As to this, the Judge held that there was no reasonable basis on which Owners could have believed the data was true, given that Owners’ internal processes in the preparation of that data were flawed, such that Owners had been negligent in making the representation. However, that fell short of proving that Owners had acted fraudulently, which would have required them to know that the data was untrue or to have been reckless, not caring whether it was true or not (fn.2).

(4) Whether there was any inducement to enter into the time charter by any misrepresentation.

As to this last, the Judge held that Charterers had not been induced (as is required for non-fraudulent misrepresentation if there is to be a remedy) to enter into the charter by the misrepresentation because, had Owners instead offered the same warranties but had made no representation about the vessel’s historic performance, the charter would have been concluded on the same terms on which it was concluded in any event.

On the remainder of the key disputed issues, the Judge held that whilst Owners were in breach of the performance warranties this only amounted to breach of an innominate term. As such, Charterers had no basis on which to terminate the charter for a repudiatory breach by Owners (fn.3). Having had no right to rescind the charter for misrepresentation, as Charterers had purported to do, Charterers were in renunciatory breach of the charter, which Owners had lawfully accepted to bring the charter to an end.

On that basis, subject to the damages claimable and due to Charterers for the vessel’s underperformance, the Judge held that Owners were entitled to the balance of hire wrongfully withheld and damages for the loss of the unperformed period of the charter.


This judgment confirms that in most instances there will be no actionable misrepresentation in relation to performance warranties in time charters, and highlights the many complexities and difficulties to succeed in such a claim.

Whilst not covered above, a number of additional interesting issues were addressed by the judgment, including, amongst others, that the findings related to Charterers’ misrepresentation case equally applied to the guarantee.

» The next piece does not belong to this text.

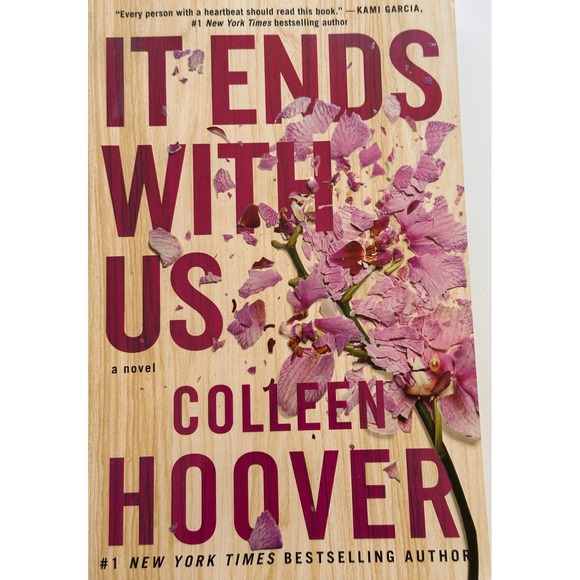 Colleen Hoover Other - It Ends With Us A Novel by Colleen Hoover Paperback Book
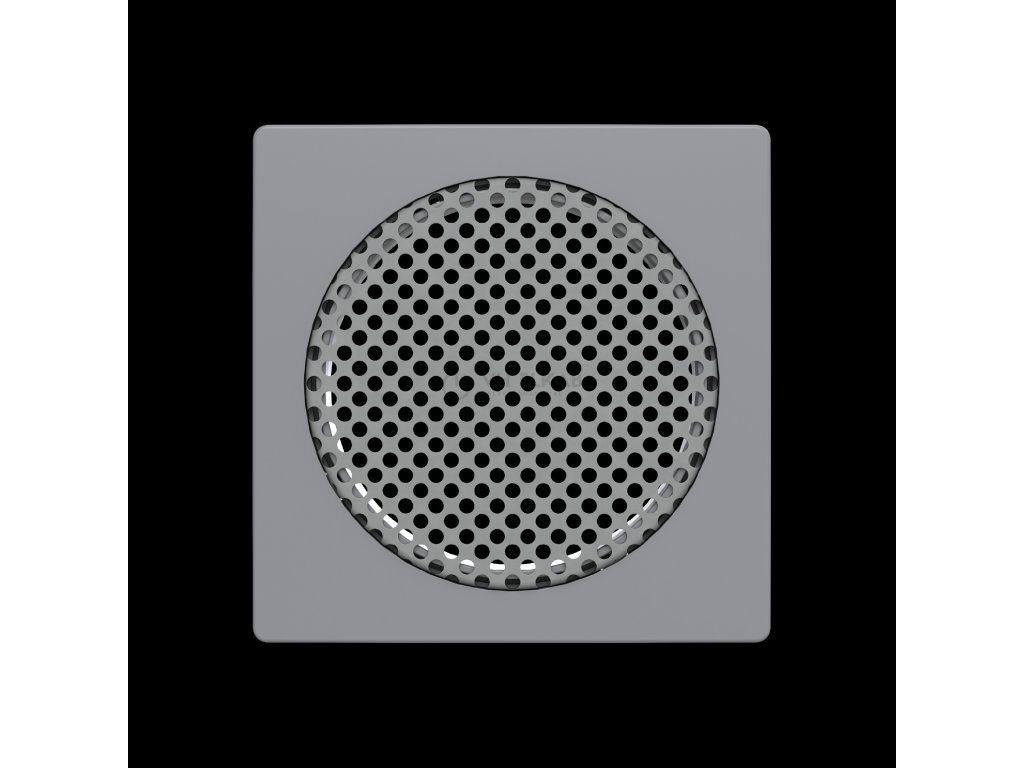 Kryt pro reproduktor AudioWorld, s kulatou mřížkou; Zoni®, šedá; 5016T-A00075 241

Further, the Judge dealt with the enforceability of the guarantee, which was held to be enforceable under section 4 of the Statute of Frauds 1677 (fn.4) because the intermediate broker had authority to forward the relevant written communications from the Guarantor.

Additionally, under the guarantee, there had been a dispute about whether Owners were also entitled to recover from the Guarantor the legal costs of their action against the Charterers under the charter. The Judge decided this issue in Owners’ favour.

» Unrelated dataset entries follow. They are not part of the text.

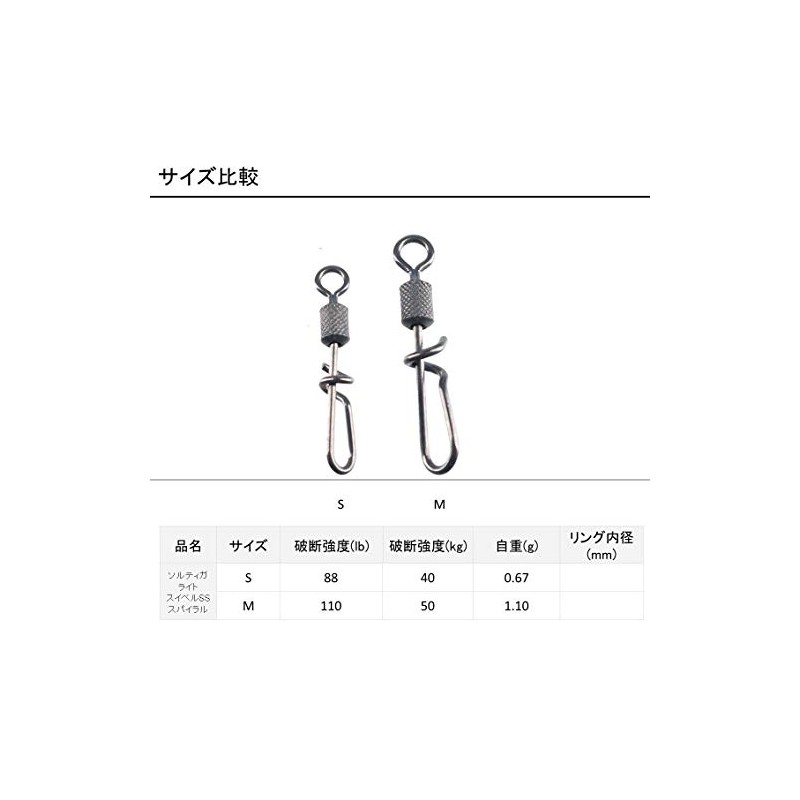Daiwa Saltiga Light Swivel SS Spiral S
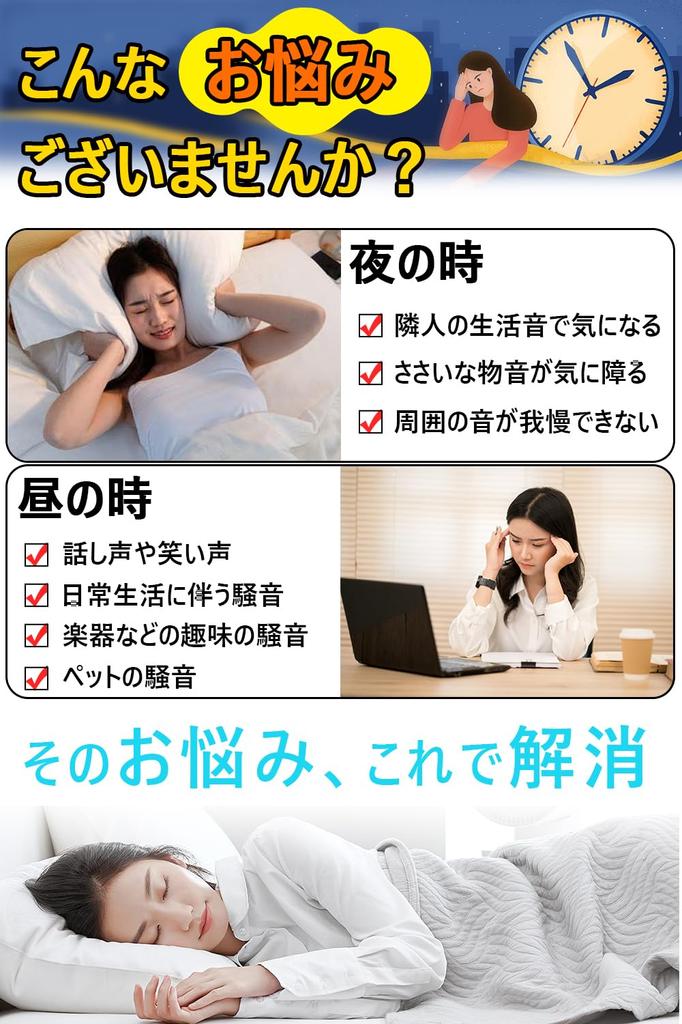 Earplugs for Noise Snoring Improved Sound and Hearing Protection Noise-reducing Sleep, Cancellation, Prevention, Environment, (ZZA12)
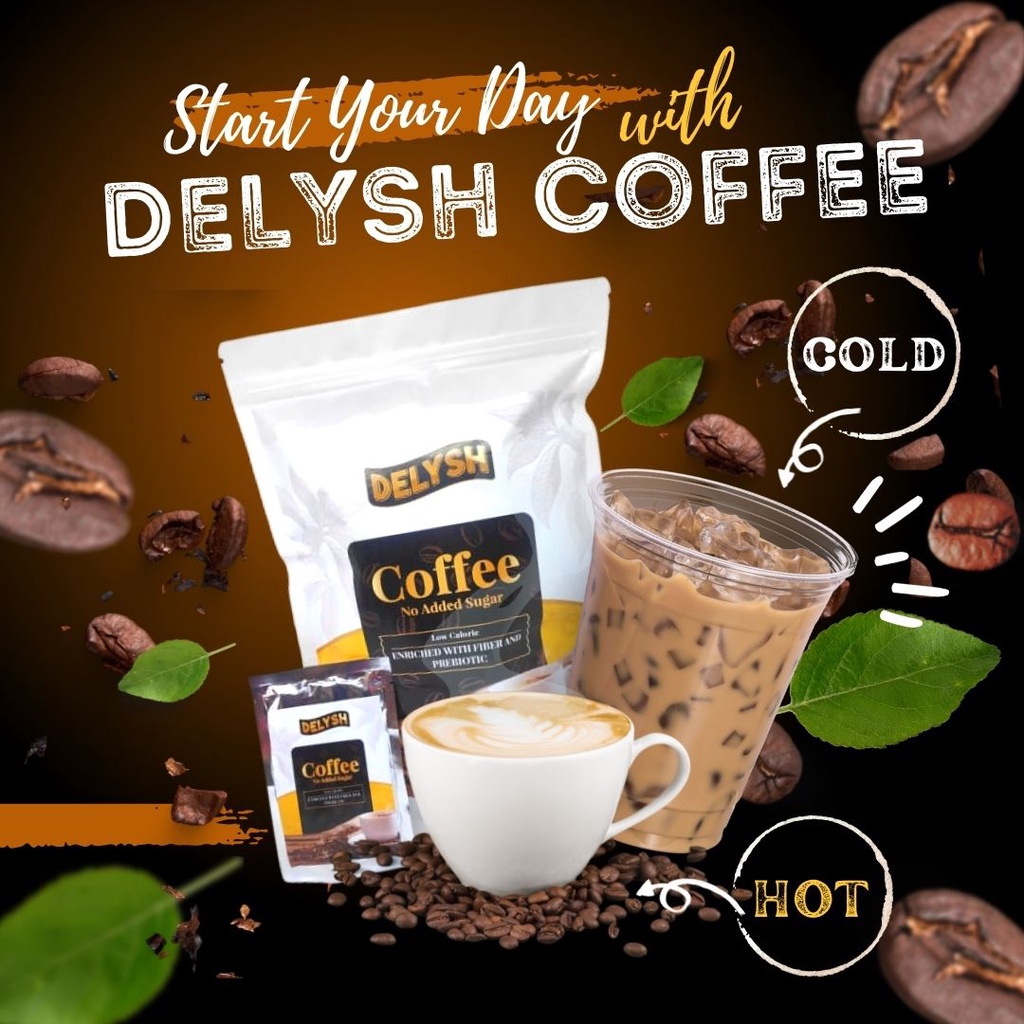 Daifi Kopi (Delysh) Sedap Walau Tanpa Tambahan Gula, Rendah Kalori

Finally, the Judge considered the effect of the Charterers’ continually reserving their rights whilst making at the same time continued demands on the Owners for substantial contractual performance. The Judge’s view was that such conduct was wholly incompatible with such reservations, being intrinsically affirmatory, so that performance would cause the contract to be affirmed.

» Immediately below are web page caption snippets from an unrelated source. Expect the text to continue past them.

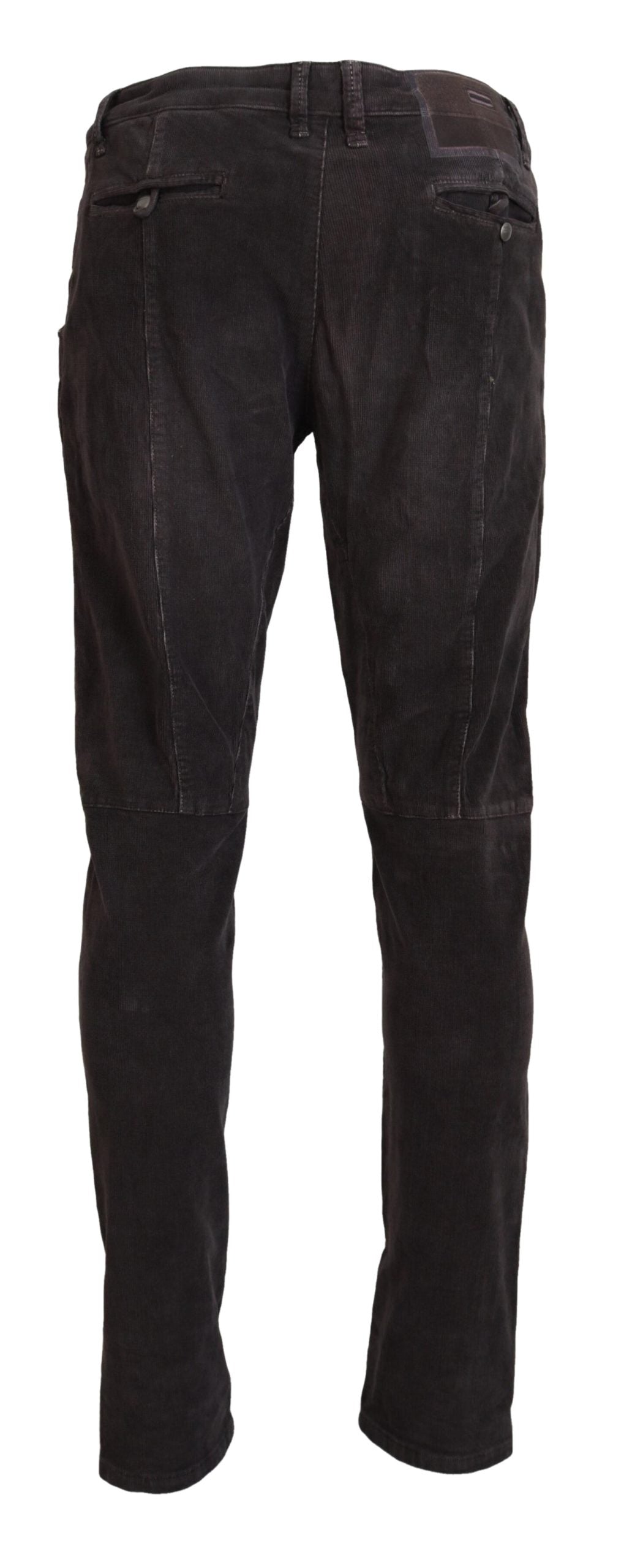Eight Brown Cotton Straight Fit Men's Casual Trousers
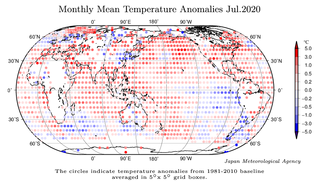 Julio de 2020 a nivel global: 4º en la serie de la JMA
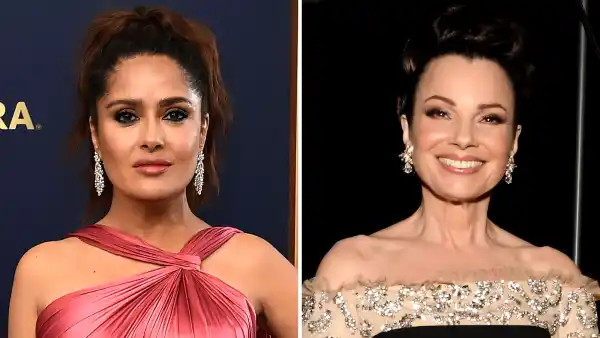 See Salma Hayek and Fran Drescher’s Wardrobe Malfunction at the SAGs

The significance of this latter point is that Charterers could not hide behind their persistent reservation of rights whilst continuing to order the vessel to perform voyages that were only consistent with an election to affirm the charter.

Footnote 1: The “Larissa” [1983] 2 Lloyd’s Rep. 325

Footnote 2: Derry v Peek (1889) 14 App Cas 337

Footnote 3: The “Hongkong Fir” [1961] 2 Lloyd’s Rep. 478

Footnote 4: “[N]o action shall be brought … whereby to charge the defendant upon any special promise to answer for the debt, default or miscarriages of another person … unless the agreement upon which such action shall be brought or some memorandum or note thereof shall be in writing and signed by the party to be charged therewith or some other person thereunto by him lawfully authorised.”